• [ACTION ITEM]
Your answer must be an exact copy of the lines from the one containing "Edición Limitada Octubre" through the last line of the records below, with no pictures; please include nothing else.

-------

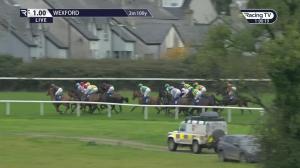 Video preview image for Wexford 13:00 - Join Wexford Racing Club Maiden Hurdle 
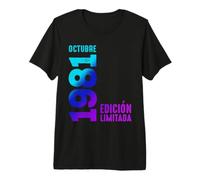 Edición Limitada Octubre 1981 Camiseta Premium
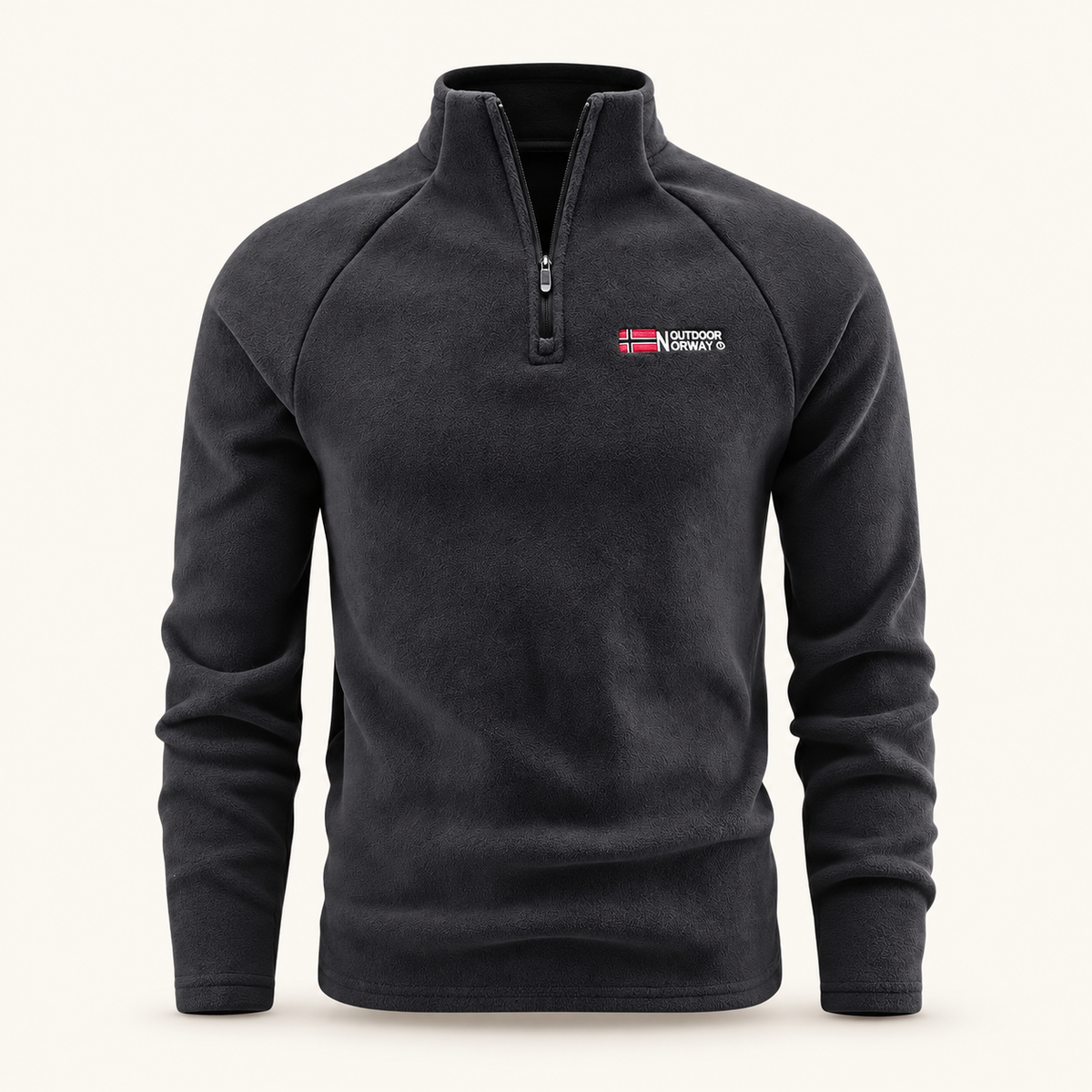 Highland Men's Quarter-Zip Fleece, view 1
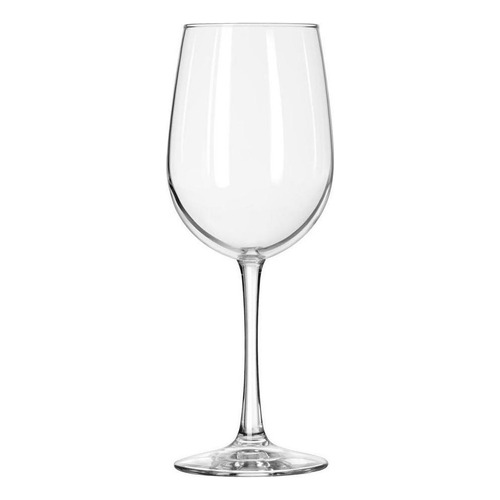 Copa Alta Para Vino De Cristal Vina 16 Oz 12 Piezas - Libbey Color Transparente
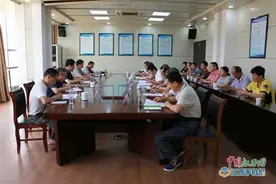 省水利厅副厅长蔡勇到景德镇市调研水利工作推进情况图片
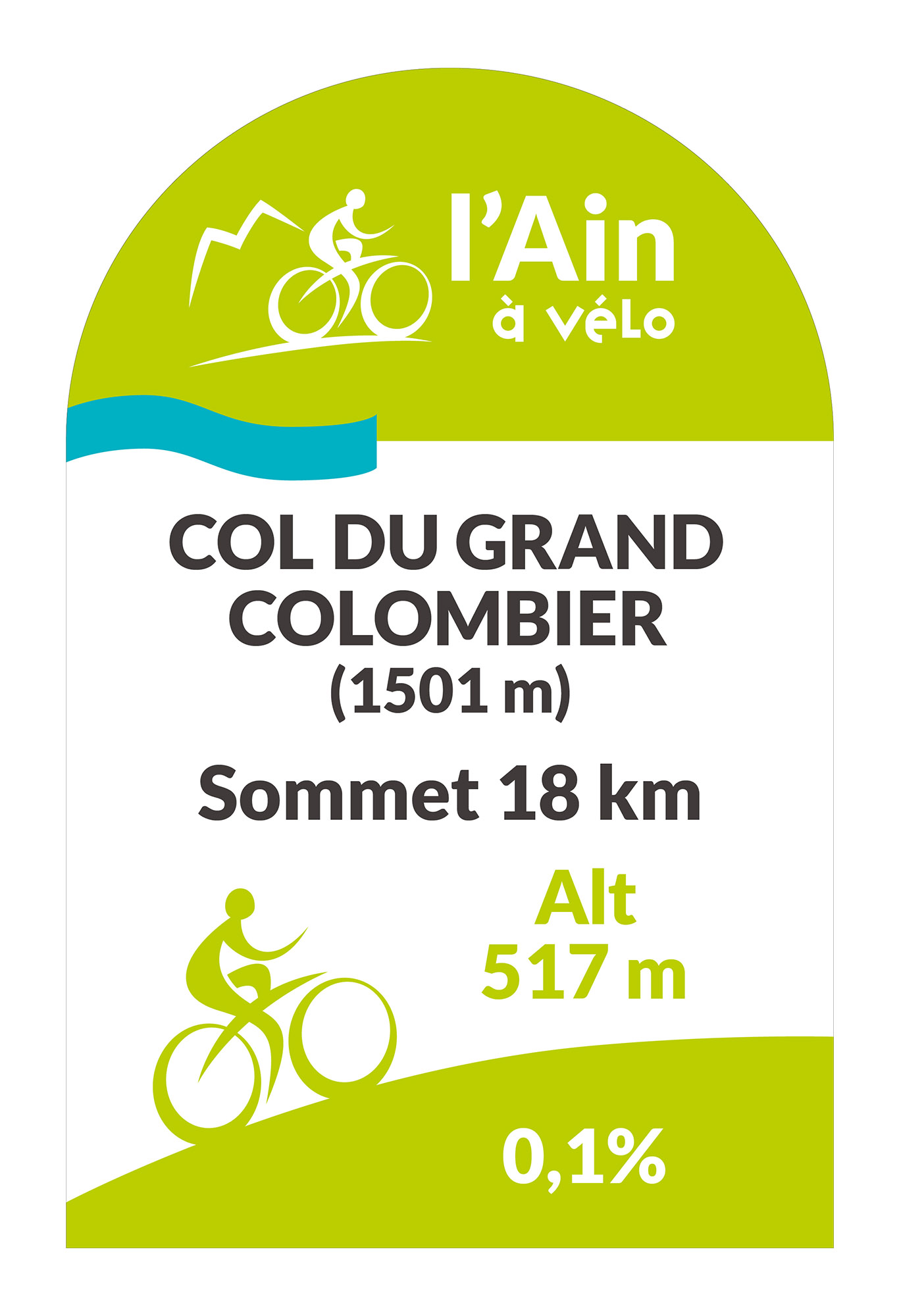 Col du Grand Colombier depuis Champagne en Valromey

-------

• [SOLUTION]
 Edición Limitada Octubre 1981 Camiseta Premium
 Highland Men's Quarter-Zip Fleece, view 1
 Copa Alta Para Vino De Cristal Vina 16 Oz 12 Piezas - Libbey Color Transparente
 省水利厅副厅长蔡勇到景德镇市调研水利工作推进情况图片
 Col du Grand Colombier depuis Champagne en Valromey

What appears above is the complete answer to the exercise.